Although the margin of victory in that vote was relatively narrow at just 19 votes, the result itself was no surprise, given that even the most rebellious Conservative lawmakers had said they could back the Prime Minister rather than allow opposition Labour leader Jeremy Corbyn to take over.
But the vote did change the dynamic on this marathon Brexit process, by forcing May to finally open cross-party talks on finding a deal for leaving the EU that could gain the support of the whole House.
It is extraordinary that, after two and a half years as prime minister, this was the first time she had invited leaders of other parties to take part in discussions about getting Britain out of its Brexit paralysis. Not even losing her majority at the 2017 election was enough to persuade her to try consensus-building, something that her critics regard as a major flaw.
May cannot command a majority in the Commons without Northern Ireland’s Democratic Unionist Party (DUP), but, ever since she pushed ahead with a widely unpopular and problematic Brexit deal agreed with Brussels in November, she also cannot count on the automatic support of her own lawmakers who, outside of confidence votes in their own government, are still in rebellious mood.
If she is ever to win support for any negotiated deal, she needs the backing of a significant amount of opposition lawmakers, led by Corbyn. Otherwise, Britain is leaving the EU on March 29th without a deal.

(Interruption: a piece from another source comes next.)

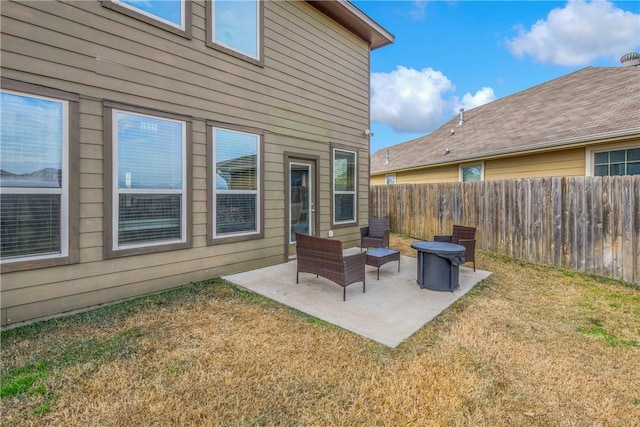 view of patio / terrace with an outdoor living space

While May’s Downing Street statement was intended to be about reassuring the population that someone was in charge at a time of political crisis, there was a partisan edge to her words. After listing party leaders whom she had spoken to, she highlighted the Labour leader’s refusal to take part in the new dialogue.
This, after Corbyn had earlier in the day complained that May had not reached out to build a cross-party consensus, seemed like odd wrecking ball behavior from the Labour leader. But Corbyn’s plan is to try to force the Prime Minister to rule out allowing a no deal Brexit, which experts and businesses have warned would cause grave damage to the UK economy, before committing to talks.

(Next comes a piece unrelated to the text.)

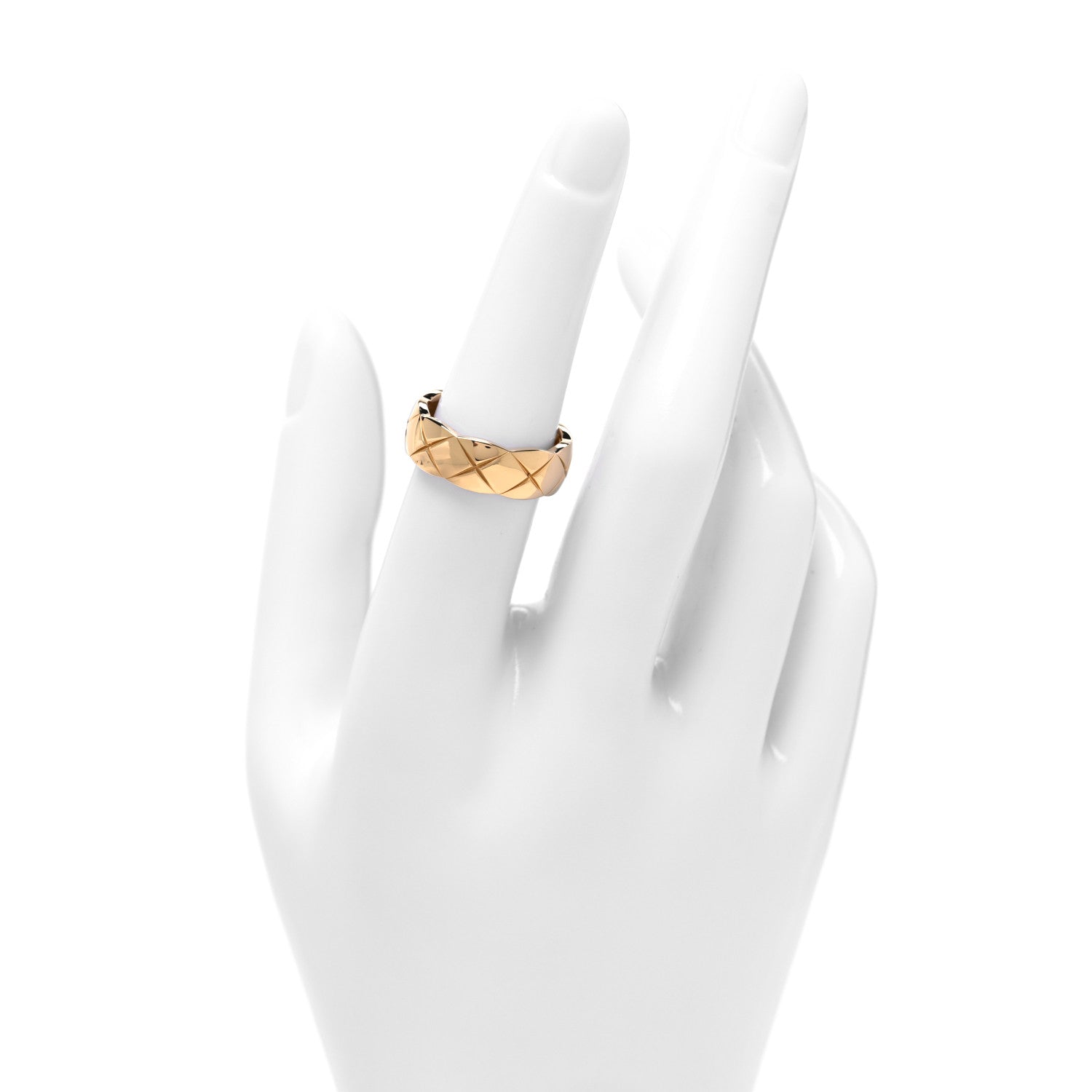 Chanel 18K Yellow Gold Small Coco Crush Ring 53 6.5 2 of 5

What will follow over the next 48 hours is a standoff between May and Corbyn. It will not reassure people watching at home, with just over 70 days to go until Brexit. Nor will it reassure British businesses, who have been warning the government for months that not enough preparation has taken place for a no deal Brexit. Firms have also complained that they are having to spend money on contingency planning for a no deal, with no certainty that they can recoup the costs from the government.

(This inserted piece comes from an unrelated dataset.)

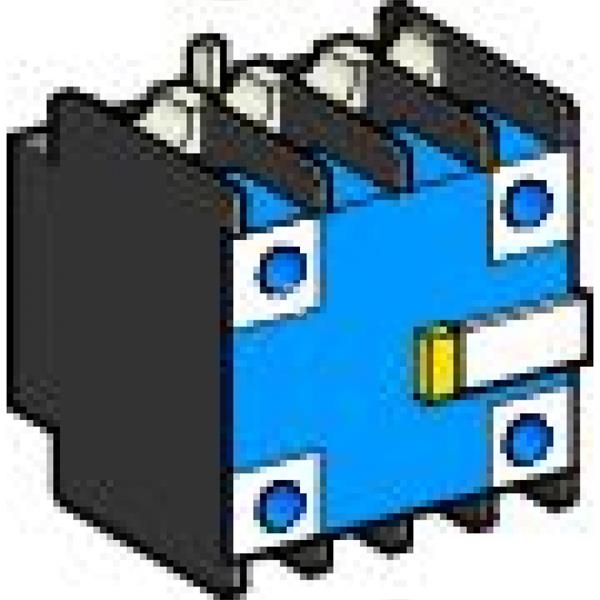 Blok styków pomocniczych , 3 NO+1 NC, zaciski śrubowe LA1DZ31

The Daily Telegraph newspaper last night published a leaked transcript of a phone call from the UK Finance Minister, Philip Hammond, to business leaders in which he pledged what he called the “threat” of no deal Brexit would be taken off the table over the coming days, and also raised the prospect of rescinding Article 50, the statutory process which sets the March 29th deadline for Britain to leave the EU.
And if the Prime Minister really wanted to reassure the nation, beyond a statement from her government lectern for presentation purposes, then she should go ahead and take a no deal Brexit off the table. She has been reluctant to do so up until now because pro-Brexit Conservative MPs want to see this hardest of Brexits remain a viable option. But it would be a quick way to end the deadlock.
If May can amass an informal coalition of all parties, including Labour, she no longer needs to worry about the demands of Brexiteer Tories.
It also seems increasingly possible she will have to ask Brussels for an extension of the Article 50 deadline beyond March – perhaps for another nine months – to give more time for a negotiated deal. After a turbulent few days, the dust is beginning to settle in Westminster, but voters will remain far from reassured by the ongoing uncertainty.